The old Reiner recording sounds far better than anything of 1957 vintage would seem to have a right to sound, but it cannot be said to have the sort of spaciousness DG has achieved in its new digital recording, and Abbado has a bit of an edge in terms of performance, too. He has yet another advantage in the form of a splendid performance of Ravel's "La Valse" to fill out his disc (no filler with the Reiner "Pictures").

Abbado is far less successful, I'm afraid, in another new DG digital recording, this one of all 21 of Brahms' Hungarian Dances (2560.100). The orchestra in this case is the Vienna Philharmonic, and the playing is first rate. Abbado, however, shows very little feeling for this charming material, and the sound itself is pretty dim in comparison with the marvelous realism of the "Pictures." (Not one word of annotation, by the way.) Hans Schmidt-Isserstedt, with his North German Radio Orchestra, showed us just how this music ought to be handled, but his recording, issued here by Vanguard, has not been available for some time; until someone brings it back, the best bet would be Antal Dora'ti's somewhat dated but spirited account of 16 of the 21 dances, with the London Symphony Orchestra, on Mercury (SRI-75024).

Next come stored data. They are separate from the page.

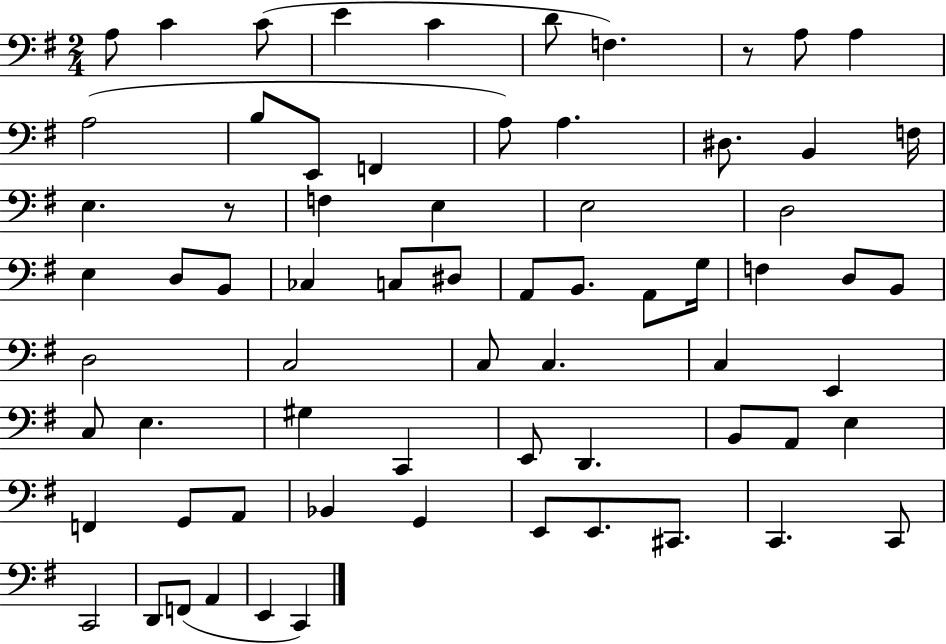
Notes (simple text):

A3/e C4/q C4/e E4/q C4/q D4/e F3/q. R/e A3/e A3/q A3/h B3/e E2/e F2/q A3/e A3/q. D#3/e. B2/q F3/s E3/q. R/e F3/q E3/q E3/h D3/h E3/q D3/e B2/e CES3/q C3/e D#3/e A2/e B2/e. A2/e G3/s F3/q D3/e B2/e D3/h C3/h C3/e C3/q. C3/q E2/q C3/e E3/q. G#3/q C2/q E2/e D2/q. B2/e A2/e E3/q F2/q G2/e A2/e Bb2/q G2/q E2/e E2/e. C#2/e. C2/q. C2/e C2/h D2/e F2/e A2/q E2/q C2/q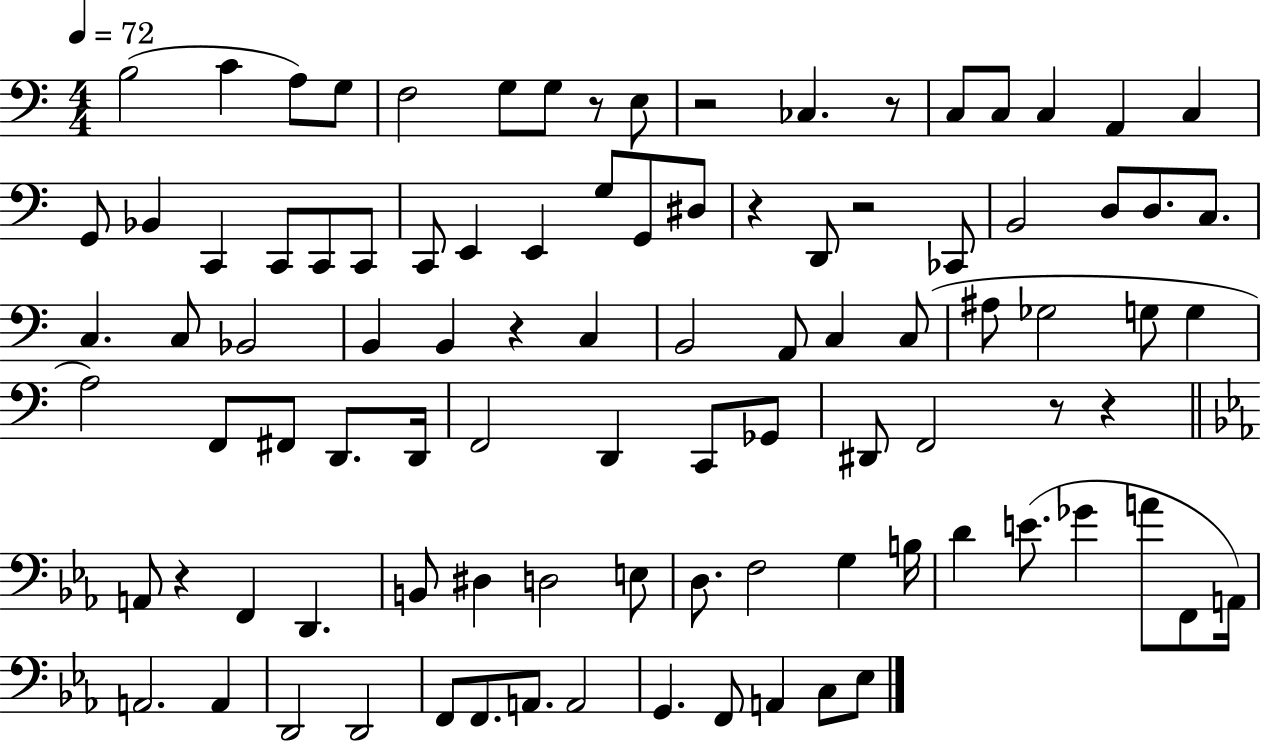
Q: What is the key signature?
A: C major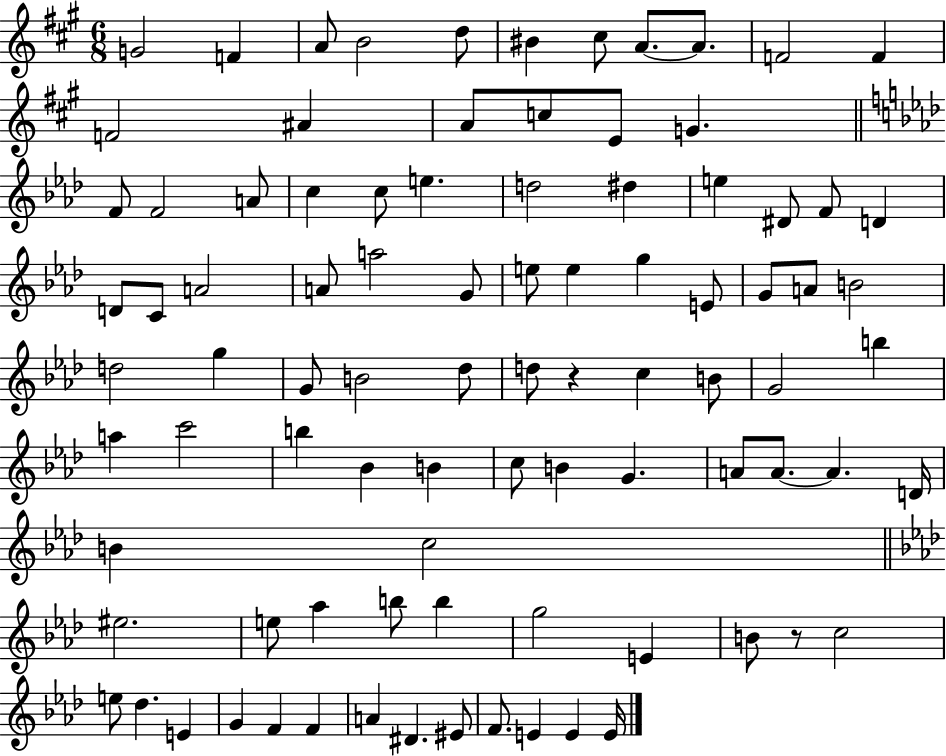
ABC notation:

X:1
T:Untitled
M:6/8
L:1/4
K:A
G2 F A/2 B2 d/2 ^B ^c/2 A/2 A/2 F2 F F2 ^A A/2 c/2 E/2 G F/2 F2 A/2 c c/2 e d2 ^d e ^D/2 F/2 D D/2 C/2 A2 A/2 a2 G/2 e/2 e g E/2 G/2 A/2 B2 d2 g G/2 B2 _d/2 d/2 z c B/2 G2 b a c'2 b _B B c/2 B G A/2 A/2 A D/4 B c2 ^e2 e/2 _a b/2 b g2 E B/2 z/2 c2 e/2 _d E G F F A ^D ^E/2 F/2 E E E/4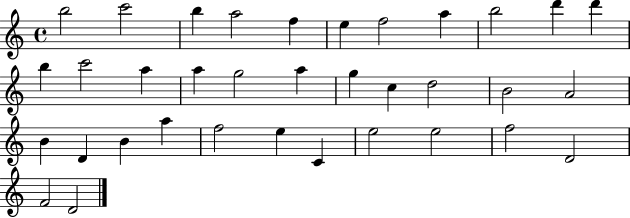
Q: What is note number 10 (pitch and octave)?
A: D6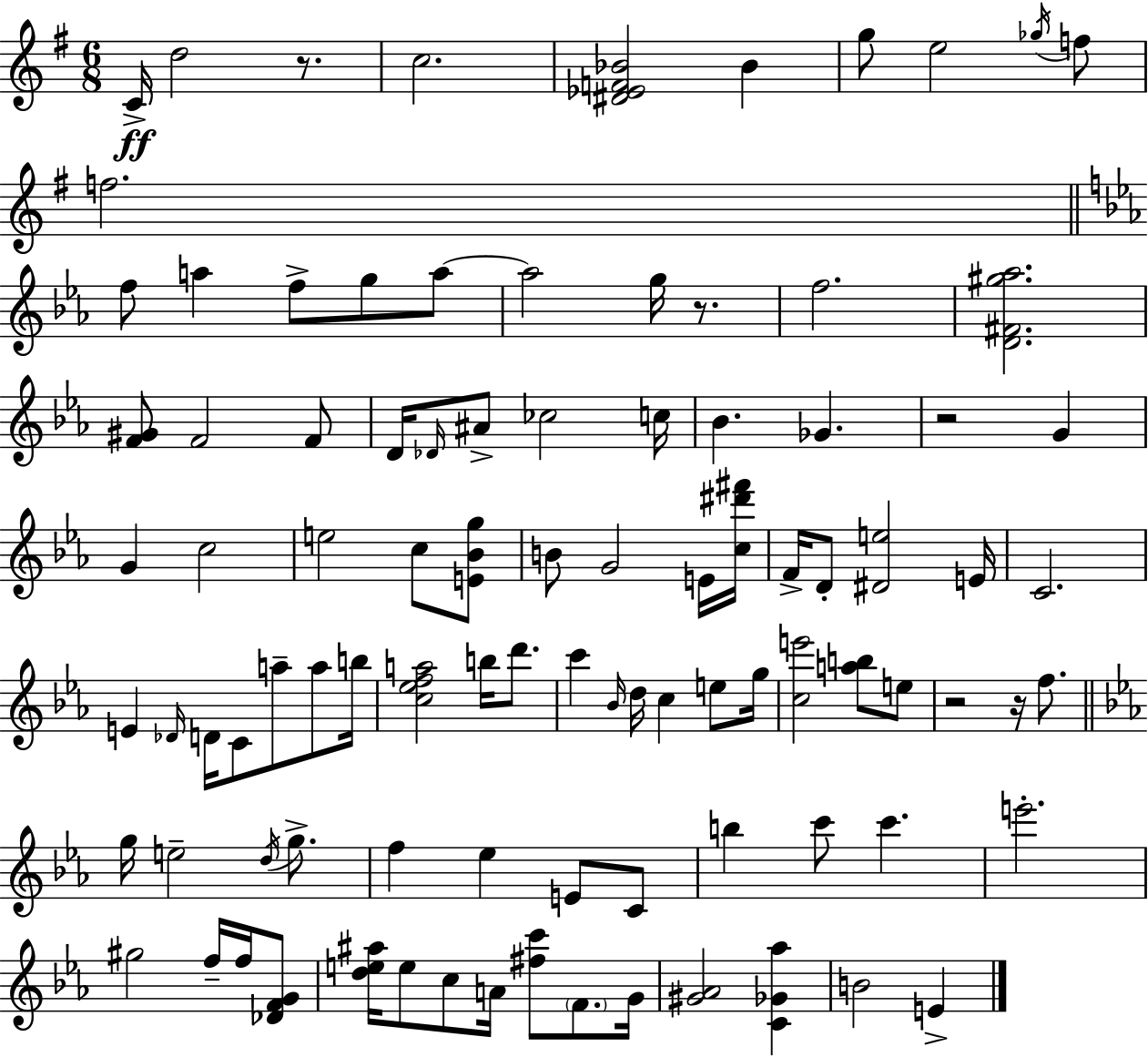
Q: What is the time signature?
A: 6/8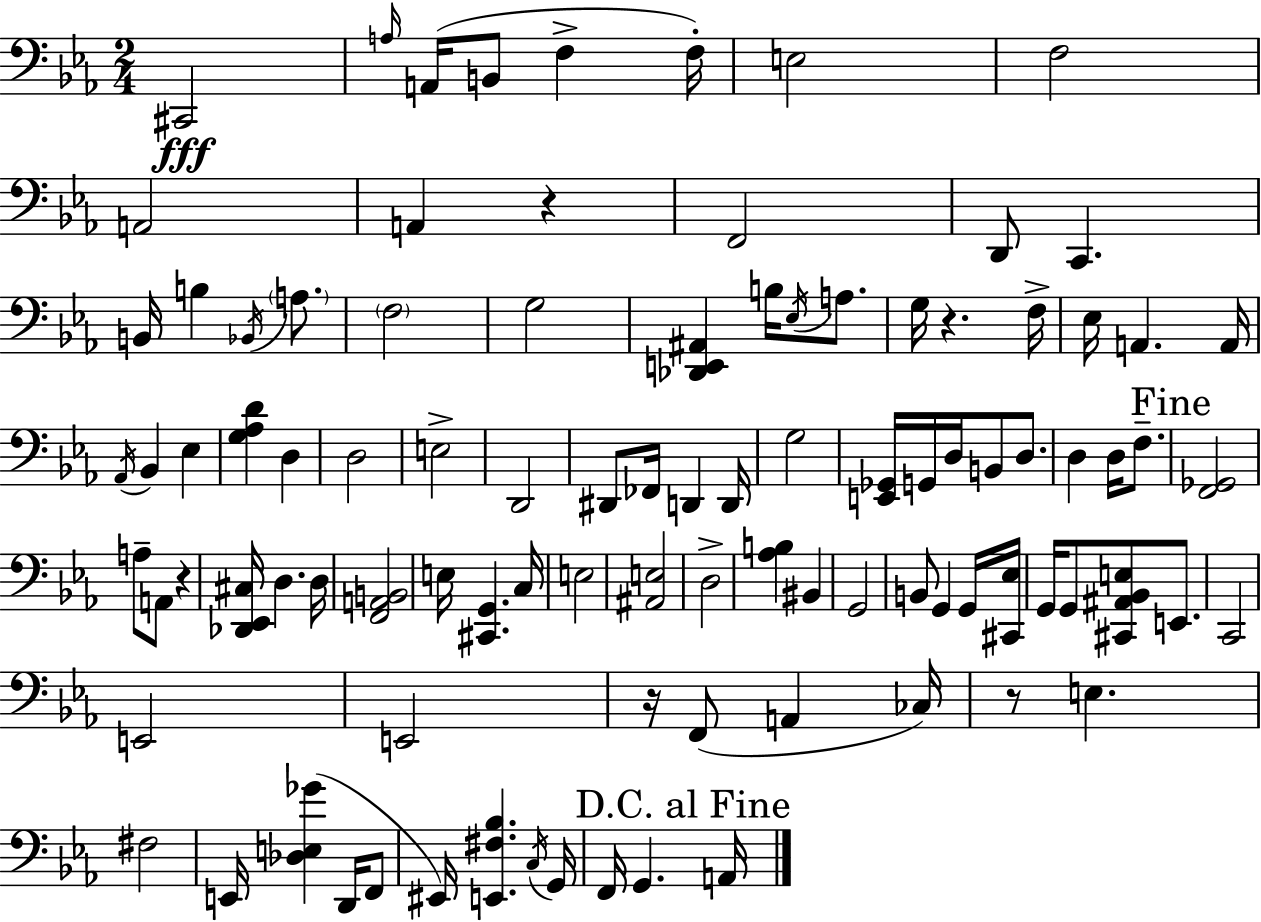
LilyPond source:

{
  \clef bass
  \numericTimeSignature
  \time 2/4
  \key ees \major
  \repeat volta 2 { cis,2\fff | \grace { a16 }( a,16 b,8 f4-> | f16-.) e2 | f2 | \break a,2 | a,4 r4 | f,2 | d,8 c,4. | \break b,16 b4 \acciaccatura { bes,16 } \parenthesize a8. | \parenthesize f2 | g2 | <des, e, ais,>4 b16 \acciaccatura { ees16 } | \break a8. g16 r4. | f16-> ees16 a,4. | a,16 \acciaccatura { aes,16 } bes,4 | ees4 <g aes d'>4 | \break d4 d2 | e2-> | d,2 | dis,8 fes,16 d,4 | \break d,16 g2 | <e, ges,>16 g,16 d16 b,8 | d8. d4 | d16 f8.-- \mark "Fine" <f, ges,>2 | \break a8-- a,8 | r4 <des, ees, cis>16 d4. | d16 <f, a, b,>2 | e16 <cis, g,>4. | \break c16 e2 | <ais, e>2 | d2-> | <aes b>4 | \break bis,4 g,2 | b,8 g,4 | g,16 <cis, ees>16 g,16 g,8 <cis, ais, bes, e>8 | e,8. c,2 | \break e,2 | e,2 | r16 f,8( a,4 | ces16) r8 e4. | \break fis2 | e,16 <des e ges'>4( | d,16 f,8 eis,16) <e, fis bes>4. | \acciaccatura { c16 } g,16 f,16 g,4. | \break \mark "D.C. al Fine" a,16 } \bar "|."
}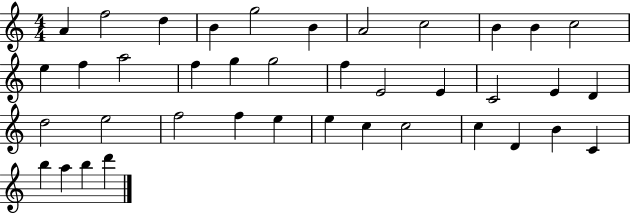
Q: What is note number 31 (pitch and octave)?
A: C5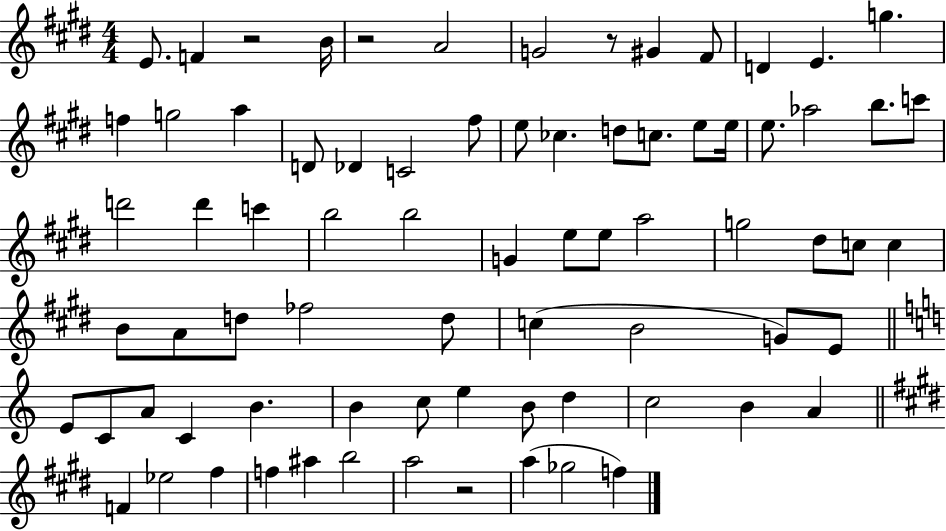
X:1
T:Untitled
M:4/4
L:1/4
K:E
E/2 F z2 B/4 z2 A2 G2 z/2 ^G ^F/2 D E g f g2 a D/2 _D C2 ^f/2 e/2 _c d/2 c/2 e/2 e/4 e/2 _a2 b/2 c'/2 d'2 d' c' b2 b2 G e/2 e/2 a2 g2 ^d/2 c/2 c B/2 A/2 d/2 _f2 d/2 c B2 G/2 E/2 E/2 C/2 A/2 C B B c/2 e B/2 d c2 B A F _e2 ^f f ^a b2 a2 z2 a _g2 f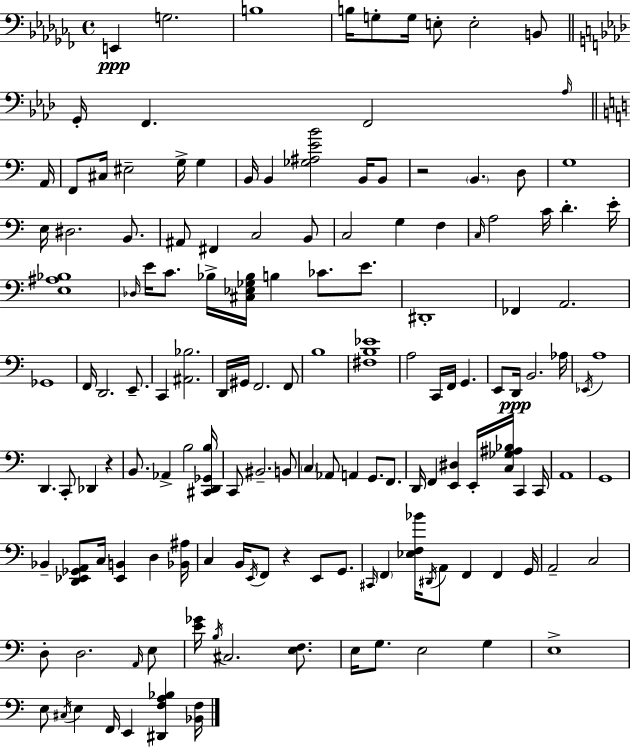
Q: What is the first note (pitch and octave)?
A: E2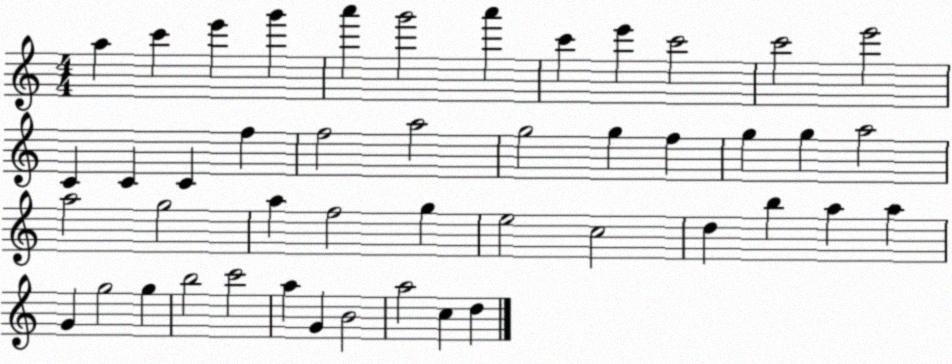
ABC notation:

X:1
T:Untitled
M:4/4
L:1/4
K:C
a c' e' g' a' g'2 a' c' e' c'2 c'2 e'2 C C C f f2 a2 g2 g f g g a2 a2 g2 a f2 g e2 c2 d b a a G g2 g b2 c'2 a G B2 a2 c d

The lilt missing in Abbado's treatment of Brahms is very much present in Lorin Maazel's treatment of Dvorak. His digital recording of the Bohemian master's Symphony No. 8 in G, with the same great Viennese orchestra (DG 2532.034; cassette 3302.034), is easily the most appealing since the classic Bruno Walter performance, now on Odyssey (Y-33231).

At the start of the third movement Maazel even indulges in a little caress of the phrase, the sort of thing a Walter or Szell would save for the last statement of the tune instead of the first. I still prefer Walter, or the previously overlooked Munch, back now on an RCA Victrola cassette (AKL1-4628), but if you have to have a new digital recording Maazel's is almost as lovable.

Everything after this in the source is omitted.